My grandmother, brought along by her father on one of his many international business trips so that she might see something of the world before embarking for the women’s college in the fall, was staying on the top floor in one of the many rooms of the penthouse suite. Upon the staff’s warning of the raucous crowd appropriating the dining hall, my great grandfather forbade my grandmother from venturing downstairs, for there was only trouble to be found amongst those prosperous hooligans. But as the night wore on, my grandmother found herself unable to sleep, not only due to the noise, but also her ever burgeoning curiosity, which finally got the better of her when she could no longer stand to wonder what kind of man could persevere in playing the piano so badly for so long. Her father and his associates were engaged in a heated discussion of geopolitics and political economy in which the fate of the world seemed to hinge on the mystery of when on Earth the racket downstairs would finally end. Sneaking past those learned men was no mean feat, yet somehow my grandmother managed. She hurried downstairs, fearful she might miss the spectacle of the obstinate piano player and spend the rest of her life haunted by his undiscovered specter, but there was nothing to worry about, for my grandfather was taking requests, crowd favorites to which his fellows sang along in a spirit of brotherhood, ecstasy, and an unbottled longing for home. No matter how badly he mangled each tune, my grandfather’s star only shone brighter.

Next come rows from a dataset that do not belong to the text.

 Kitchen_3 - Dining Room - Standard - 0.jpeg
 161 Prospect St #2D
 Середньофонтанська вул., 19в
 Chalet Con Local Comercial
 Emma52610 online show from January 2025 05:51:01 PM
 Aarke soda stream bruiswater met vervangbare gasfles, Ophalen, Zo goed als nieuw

It was then at the end of “We Wish You a Merry Christmas” when my grandmother descended that final flight and their eyes met above that mountain of peels. My grandfather, in his drunken state, misperceived my grandmother to be standing atop the mound itself like the queen of all bananas, and indeed, even in his old age, my grandfather still often referred to her as his banana queen. To hear him tell it, from that very moment on that fateful night, the deal was sealed, so to speak, and nothing was ever to be the same. My grandmother, of course, had a different, more lovingly derisive telling of the tale, but even in her version, she never failed to recall the point in the evening when, reclining in her throne of peels, she allowed my grandfather to play the piano using her bare feet instead of his hands, and that, I think, says it all.